--- THE PROBLEM ---
Copy every record that follows, word for word.

--- PROVIDED RECORDS ---
▬▬▬▬▬▬▬▬▬▬
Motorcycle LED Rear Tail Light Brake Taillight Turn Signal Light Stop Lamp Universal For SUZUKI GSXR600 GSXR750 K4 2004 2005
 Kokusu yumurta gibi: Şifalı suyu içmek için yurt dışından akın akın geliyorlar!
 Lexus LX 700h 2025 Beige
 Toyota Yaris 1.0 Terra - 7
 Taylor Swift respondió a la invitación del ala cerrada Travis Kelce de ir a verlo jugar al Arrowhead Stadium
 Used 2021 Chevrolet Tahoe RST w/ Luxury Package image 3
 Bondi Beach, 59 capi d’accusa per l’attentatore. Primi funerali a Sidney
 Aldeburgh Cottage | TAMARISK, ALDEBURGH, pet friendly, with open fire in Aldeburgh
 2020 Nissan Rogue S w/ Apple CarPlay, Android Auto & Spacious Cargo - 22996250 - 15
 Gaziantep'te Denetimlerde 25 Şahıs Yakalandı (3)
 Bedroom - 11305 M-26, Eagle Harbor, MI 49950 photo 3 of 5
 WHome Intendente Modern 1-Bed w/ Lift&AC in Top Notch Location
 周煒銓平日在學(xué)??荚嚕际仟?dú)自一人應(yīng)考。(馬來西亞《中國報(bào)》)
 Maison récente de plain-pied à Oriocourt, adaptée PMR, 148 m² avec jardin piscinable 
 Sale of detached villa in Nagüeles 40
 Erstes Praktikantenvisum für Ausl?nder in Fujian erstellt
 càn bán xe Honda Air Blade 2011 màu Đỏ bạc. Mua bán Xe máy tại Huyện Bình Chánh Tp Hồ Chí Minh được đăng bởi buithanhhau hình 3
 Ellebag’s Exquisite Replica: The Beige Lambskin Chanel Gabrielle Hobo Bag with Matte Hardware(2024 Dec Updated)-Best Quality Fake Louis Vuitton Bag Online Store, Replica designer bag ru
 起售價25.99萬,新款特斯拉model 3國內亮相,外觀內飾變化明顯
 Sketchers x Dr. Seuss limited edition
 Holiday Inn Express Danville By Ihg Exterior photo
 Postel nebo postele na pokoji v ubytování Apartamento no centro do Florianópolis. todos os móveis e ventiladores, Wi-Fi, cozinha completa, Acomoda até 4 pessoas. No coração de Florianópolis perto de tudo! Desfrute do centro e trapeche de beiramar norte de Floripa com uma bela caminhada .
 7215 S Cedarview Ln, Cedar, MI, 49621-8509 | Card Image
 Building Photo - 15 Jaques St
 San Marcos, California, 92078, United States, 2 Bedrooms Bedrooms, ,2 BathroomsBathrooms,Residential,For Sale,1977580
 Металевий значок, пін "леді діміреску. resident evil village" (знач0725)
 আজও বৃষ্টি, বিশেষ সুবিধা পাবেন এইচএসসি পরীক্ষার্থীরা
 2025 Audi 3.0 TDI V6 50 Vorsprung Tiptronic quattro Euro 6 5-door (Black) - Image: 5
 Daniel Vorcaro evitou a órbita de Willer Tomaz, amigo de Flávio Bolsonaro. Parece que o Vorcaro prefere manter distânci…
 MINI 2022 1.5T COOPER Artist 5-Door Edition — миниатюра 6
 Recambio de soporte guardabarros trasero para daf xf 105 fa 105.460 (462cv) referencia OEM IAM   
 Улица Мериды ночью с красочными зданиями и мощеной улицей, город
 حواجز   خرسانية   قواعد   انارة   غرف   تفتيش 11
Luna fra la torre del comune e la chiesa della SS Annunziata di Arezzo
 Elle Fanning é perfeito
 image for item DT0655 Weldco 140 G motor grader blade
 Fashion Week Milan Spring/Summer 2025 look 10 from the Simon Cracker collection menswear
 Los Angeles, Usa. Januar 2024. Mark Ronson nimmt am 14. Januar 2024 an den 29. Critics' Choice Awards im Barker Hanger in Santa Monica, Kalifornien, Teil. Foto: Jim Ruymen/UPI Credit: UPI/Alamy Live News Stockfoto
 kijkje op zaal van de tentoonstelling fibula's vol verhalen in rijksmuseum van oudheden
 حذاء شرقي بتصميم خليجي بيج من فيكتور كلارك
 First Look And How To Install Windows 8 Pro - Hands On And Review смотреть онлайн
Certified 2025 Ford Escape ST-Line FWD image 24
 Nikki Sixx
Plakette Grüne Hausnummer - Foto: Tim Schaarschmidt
▬▬▬▬▬▬▬▬▬▬
--- YOUR RESPONSE ---
Motorcycle LED Rear Tail Light Brake Taillight Turn Signal Light Stop Lamp Universal For SUZUKI GSXR600 GSXR750 K4 2004 2005
 Kokusu yumurta gibi: Şifalı suyu içmek için yurt dışından akın akın geliyorlar!
 Lexus LX 700h 2025 Beige
 Toyota Yaris 1.0 Terra - 7
 Taylor Swift respondió a la invitación del ala cerrada Travis Kelce de ir a verlo jugar al Arrowhead Stadium
 Used 2021 Chevrolet Tahoe RST w/ Luxury Package image 3
 Bondi Beach, 59 capi d’accusa per l’attentatore. Primi funerali a Sidney
 Aldeburgh Cottage | TAMARISK, ALDEBURGH, pet friendly, with open fire in Aldeburgh
 2020 Nissan Rogue S w/ Apple CarPlay, Android Auto & Spacious Cargo - 22996250 - 15
 Gaziantep'te Denetimlerde 25 Şahıs Yakalandı (3)
 Bedroom - 11305 M-26, Eagle Harbor, MI 49950 photo 3 of 5
 WHome Intendente Modern 1-Bed w/ Lift&AC in Top Notch Location
 周煒銓平日在學(xué)??荚嚕际仟?dú)自一人應(yīng)考。(馬來西亞《中國報(bào)》)
 Maison récente de plain-pied à Oriocourt, adaptée PMR, 148 m² avec jardin piscinable 
 Sale of detached villa in Nagüeles 40
 Erstes Praktikantenvisum für Ausl?nder in Fujian erstellt
 càn bán xe Honda Air Blade 2011 màu Đỏ bạc. Mua bán Xe máy tại Huyện Bình Chánh Tp Hồ Chí Minh được đăng bởi buithanhhau hình 3
 Ellebag’s Exquisite Replica: The Beige Lambskin Chanel Gabrielle Hobo Bag with Matte Hardware(2024 Dec Updated)-Best Quality Fake Louis Vuitton Bag Online Store, Replica designer bag ru
 起售價25.99萬,新款特斯拉model 3國內亮相,外觀內飾變化明顯
 Sketchers x Dr. Seuss limited edition
 Holiday Inn Express Danville By Ihg Exterior photo
 Postel nebo postele na pokoji v ubytování Apartamento no centro do Florianópolis. todos os móveis e ventiladores, Wi-Fi, cozinha completa, Acomoda até 4 pessoas. No coração de Florianópolis perto de tudo! Desfrute do centro e trapeche de beiramar norte de Floripa com uma bela caminhada .
 7215 S Cedarview Ln, Cedar, MI, 49621-8509 | Card Image
 Building Photo - 15 Jaques St
 San Marcos, California, 92078, United States, 2 Bedrooms Bedrooms, ,2 BathroomsBathrooms,Residential,For Sale,1977580
 Металевий значок, пін "леді діміреску. resident evil village" (знач0725)
 আজও বৃষ্টি, বিশেষ সুবিধা পাবেন এইচএসসি পরীক্ষার্থীরা
 2025 Audi 3.0 TDI V6 50 Vorsprung Tiptronic quattro Euro 6 5-door (Black) - Image: 5
 Daniel Vorcaro evitou a órbita de Willer Tomaz, amigo de Flávio Bolsonaro. Parece que o Vorcaro prefere manter distânci…
 MINI 2022 1.5T COOPER Artist 5-Door Edition — миниатюра 6
 Recambio de soporte guardabarros trasero para daf xf 105 fa 105.460 (462cv) referencia OEM IAM   
 Улица Мериды ночью с красочными зданиями и мощеной улицей, город
 حواجز   خرسانية   قواعد   انارة   غرف   تفتيش 11
Luna fra la torre del comune e la chiesa della SS Annunziata di Arezzo
 Elle Fanning é perfeito
 image for item DT0655 Weldco 140 G motor grader blade
 Fashion Week Milan Spring/Summer 2025 look 10 from the Simon Cracker collection menswear
 Los Angeles, Usa. Januar 2024. Mark Ronson nimmt am 14. Januar 2024 an den 29. Critics' Choice Awards im Barker Hanger in Santa Monica, Kalifornien, Teil. Foto: Jim Ruymen/UPI Credit: UPI/Alamy Live News Stockfoto
 kijkje op zaal van de tentoonstelling fibula's vol verhalen in rijksmuseum van oudheden
 حذاء شرقي بتصميم خليجي بيج من فيكتور كلارك
 First Look And How To Install Windows 8 Pro - Hands On And Review смотреть онлайн
Certified 2025 Ford Escape ST-Line FWD image 24
 Nikki Sixx
Plakette Grüne Hausnummer - Foto: Tim Schaarschmidt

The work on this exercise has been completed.